The machine, called the Counter Rotating Ring Receiver
Reactor Recuperator, or CR5, is essentially a stack of
rings or disks, each outfitted with a dozen fins around
its circumference that are constructed of a reactive
metal oxide (rust to you and me) in a matrix of material
that can withstand high temperatures. As a ring rotates,
the reactive material passes into a chamber irradiated
by a solar collector where temperatures exceed 1500 °C.
This is hot enough to trigger a reaction that liberates
oxygen from the rust, changing the metal’s chemical
structure at the same time. The ring rotates the metal
oxide (at roughly 1 revolution per minute) 180 degrees
to a reaction chamber where, at relatively cool
temperatures (around 1000 °C), the scorched rust is
exposed to superheated steam.
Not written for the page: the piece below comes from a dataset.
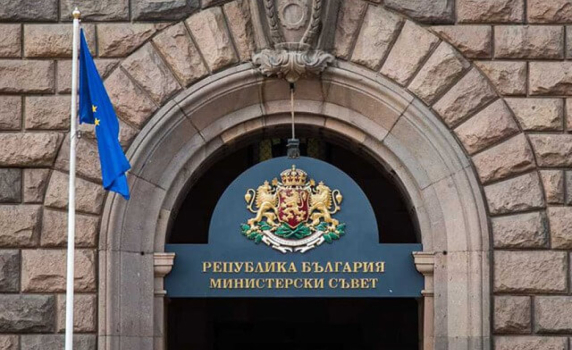 МС: Взривеният на Кримския мост камион никога не е бил в България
The metal oxide and water
react in a way that effectively strips the oxygen from
the water and restores the rust to its original form,
yielding free hydrogen in the process. Then the cycle
begins again.
In another CR5 stack, carbon dioxide is split into
carbon monoxide and oxygen in the solar chamber. The
carbon monoxide could then be used to make synthetic
hydrocarbon fuels by combining it with hydrogen from the
first CR5 stack, using any of a number of commercial processes.
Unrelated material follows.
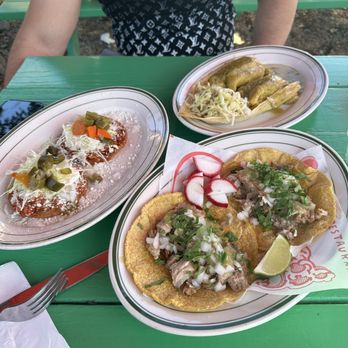 El Molino Central - Mexican Near Me - Sonoma, California El Molino Central - Mexican Near Me - Sonoma, California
“The first step would be to capture the carbon dioxide
from sources where it is concentrated, such as power
plants and industrial smokestacks,” says James E.
Miller, a chemical engineer who is one of the lead
researchers on Sandia’s “Sunshine to Petrol” project.
“But the ultimate goal would be to snatch it out of the
air” to yield carbon-neutral liquid fuel, he says.
The device gets the “Counter Rotating” part of its
name from the fact that each ring in a stack rotates in
the direction opposite that of the rings adjacent to it.
A single dc motor and a set of gears, which are isolated
from the scorching heat in the machine, turn the rings.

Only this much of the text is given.